Berlin – Die Erwartungen sind groß, der Druck wächst – seit Jahren spitzt sich die Finanzlage der gesetzlichen Krankenkassen in Deutschland zu. Allein im Jahr 2024 verzeichnete die Branche ein Defizit von 6,2 Milliarden Euro. Angesichts der prekären Situation fordert der Spitzenverband der gesetzlichen Krankenversicherung Sofortmaßnahmen von der neuen Gesundheitsministerin Nina Warken (CDU). „Es braucht jetzt eine Akuttherapie, denn sonst gehen zum nächsten Jahreswechsel die Krankenkassenbeiträge durch die Decke“, warnte die GKV-Vorsitzende Doris Pfeiffer im Interview mit der Rheinischen Post.
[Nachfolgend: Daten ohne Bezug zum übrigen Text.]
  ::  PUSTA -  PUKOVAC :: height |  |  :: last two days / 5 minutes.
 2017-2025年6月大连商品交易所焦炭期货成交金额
„Akuttherapie statt Abwarten“: GKV fordert von Regierung Moratorium und sofortige Ausgabensperre
Dabei verwies sie auf den jüngsten Anstieg der Zusatzbeiträge – allein in den vergangenen drei Monaten haben acht Krankenkassen ihre Beiträge erhöht. Im Schnitt liegt der Zusatzbeitrag derzeit bei 2,5 Prozent – zusätzlich zum allgemeinen Beitragssatz von 14,6 Prozent. Manche Krankenkassen fordern gar bis zu vier Prozent. Bereits zuvor hatte der DAK-Chef Andreas Storm kassenübergreifend einen „Beitragstsunami“ prognostiziert, sollte sich die neue Regierung nur auf die Reformen im Koalitionsvertrag beschränken.
In der Pflegeversicherung sei bereits in diesem Jahr mit steigenden Beiträgen zu rechnen, die Krankenversicherung drohe zum Jahreswechsel eine „massive Erhöhung“, so Storm zur Augsburger Allgemeinen.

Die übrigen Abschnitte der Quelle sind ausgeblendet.